The actual strength of Satan worshippers is difficult to determine, but such groups also exist in Nagaland's largest city of Dimapur, and they are using social media sites such as Facebook and Twitter to expand their network, said the Rev. Wati Longkumer, director of the Nagaland Missionary Movement, a group of mostly Baptist associations and churches.
Longkumer said he has seen membership forms for a group calling itself the Black Bulls and inviting youngsters to become part of devil worship. Longkumer's organization, part of the Nagaland Baptist Church Council, which consists of more than 1,300 churches, has assigned its youth department to conduct a detailed report. More than 90 percent of Nagaland's 2 million residents are Christians, and about three-fourths of those identify as Baptist.

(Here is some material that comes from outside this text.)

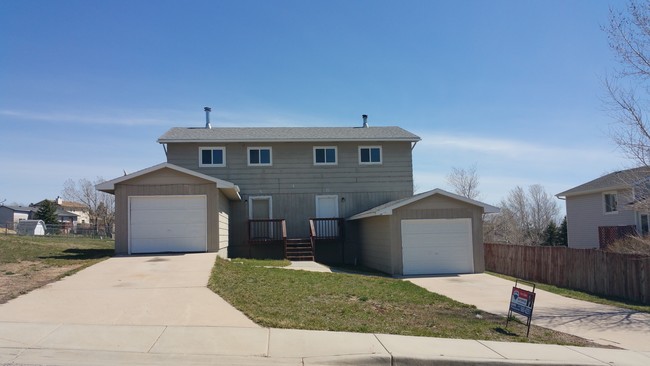 4 Clearview Ct - front view - Clearview Ct Duplexes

The Rev. Ben Dang Toshi Longkumer, a Nagaland-based representative of the Evangelical Fellowship of India (no relation to Wati Longkumer), said "Satan worship has considerably changed the demeanor and the worldview of the youth, though no criminal activity by them has been reported thus far."
The Rev. Zotuo Kiewhuo, senior pastor of Koinonia Baptist Church in Kohima, said the cult is spreading like "wildfire" due to an identity crisis among the youth of the state plagued with corruption, insurgencies and intertribal conflicts.